Drawing on research on food system sustainability conducted within the European project ToNoWaste, this paper explores the link between digital solutions for food waste and food charities. Exploratory interviews conducted in 2025 with coordinators of food redistribution organisations in Vienna, Austria, reveal a contradiction resulting from the deployment of efficiency-driven digital applications. Predictive software in retail or gastronomy or digital surplus-selling applications contribute to reducing the availability of food surplus. While positive for ressource efficiency, it considerably affects food charities, which currently rely on surplus generated by the food system’s inefficiency. These overflows therefore have, at least in part, a social function: despite normative concerns, for example that they do not contribute to healthy diets, they remain necessary within the current welfare state, particularly in times of crisis (Lambie-Mumford & Silvasti, 2020; Poppendieck, 2014; Riches, 2018).

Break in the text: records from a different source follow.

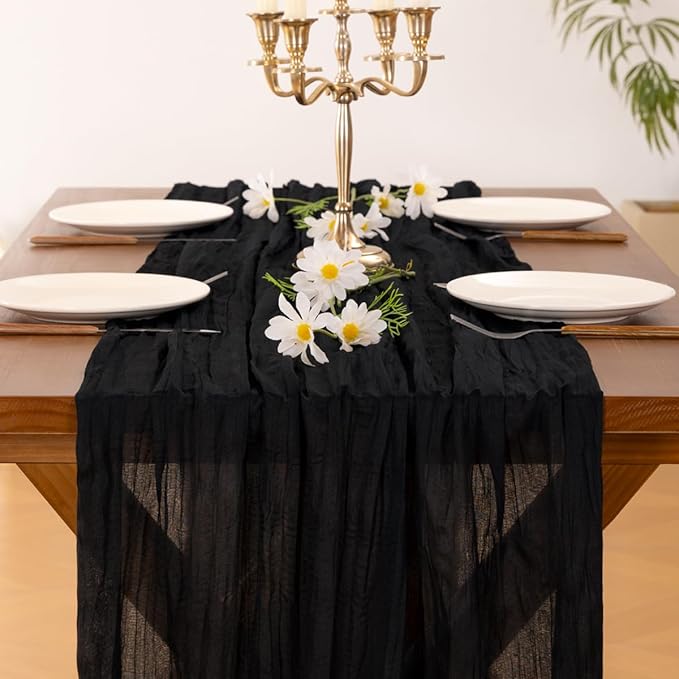 Socomi 6pcs Black Fall Thanksgiving Cheesecloth Table Runner Boho Rustic Gauze 120 inch 10FT Cheese Cloth Runner for Wedding Party Baby Shower Birthday Home Decor Holiday Decorations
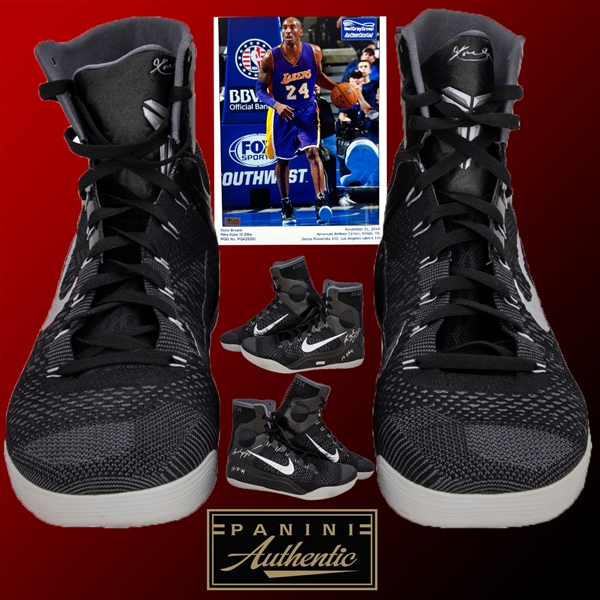 Kobe Bryant PHOTO MATCHED Game Used & Double Signed Nike Sneakers Worn on 11/21/2014 vs Mavericks (MeiGray Photomatch & Panini COA)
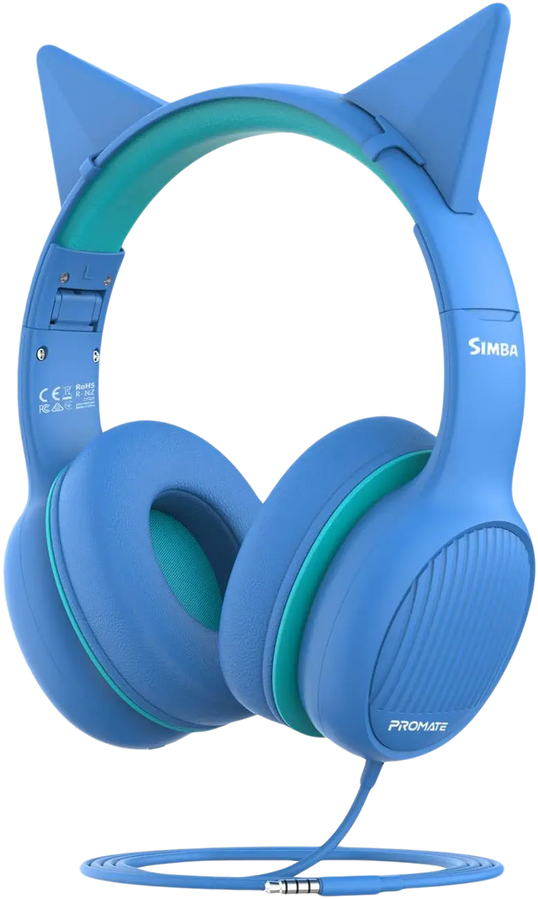 Promate Kids Wired Simba Headset - Aqua Blue
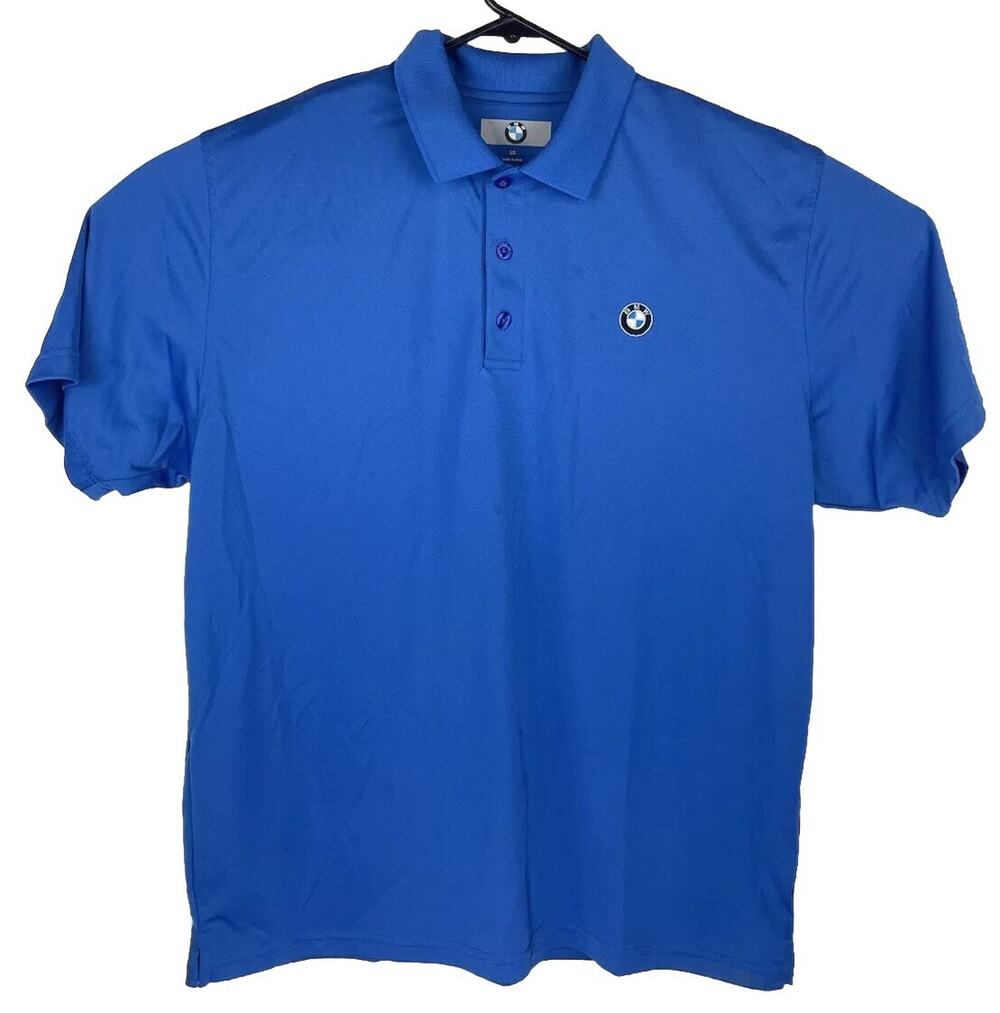 BMW Official Mens Polo Shirt Large L Blue Short Sleeve Graphic Golf Tee Uniform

Building on additional interviews with stakeholders from social markets, redistribution networks, and social organisations, I intend to interrogate charities’ dependence on food surplus, who benefits from digital food-system transformations, and pathways to reduce both waste and food insecurity.
Examining reorderings in the social realm, such as rebound effects that reduce opportunities for redistribution, the monetisation of food surplus, and the need for charities to reorganise in response this paper highlights tensions between waste prevention, overproduction, redistribution, and food security and argues for taking the reorderings and efficiency paradigm of digital food waste applications seriously.
Paper short abstract
The paper explores the role of ‘the digital’ in enacting ‘policy imaginaries’ for a better food future. Drawing on FoodSEqual, it focuses on digital food adverts and the Foodtopia video game, and discusses the potential of digital technologies to change future food, policy and research practices.
Paper long abstract
A ‘digital turn’ is already taking place within modern foodscapes. This is inevitably implicated in food research unpacking the complex entanglements between people, food and digital technologies (Schneider, 2026; Allgaier et al, 2025; Goodman and Jaworska, 2020), with emphasis being given on social media and digital apps as technological infrastructures shaping food subjectivities, discourses and practices. This ‘digital turn’ is conceived as enacting more hopeful foodscapes, although it can fall within the trap of ‘techno-optimism’ and its ambivalent imaginary for food system transformation (Schneider et al, 2019). In this presentation, I turn to the role of ‘the digital’ in enacting more hopeful ‘policy imaginaries’ for food system change. Drawing on the food policy research I conducted for the UKRI FoodSEqual project, I explore the possibilities and limitations of different digital technologies in informing as well as enacting more diverse and inclusive policies for food system change. Specifically, I focus on: a. ‘Digital Bus Food Adverts for Healthy Start Vouchers’, a local food policy intervention developed based on the project’s policy findings; and b. Foodtopia, the FoodSEqual policy video game (https://foodtopia.itch.io/foodtopia), designed to embed as well as widen dissemination of the project’s community policy recommendations, or else ‘imaginaries’, for a more sustainable and healthy food system. I discuss the impact of these technologies on changing food practices and policy practices. However, as an STS food researcher, I also reflect on the role of ‘the digital’ itself as a ‘technology’ that can enable researchers to influence policy for a better food future.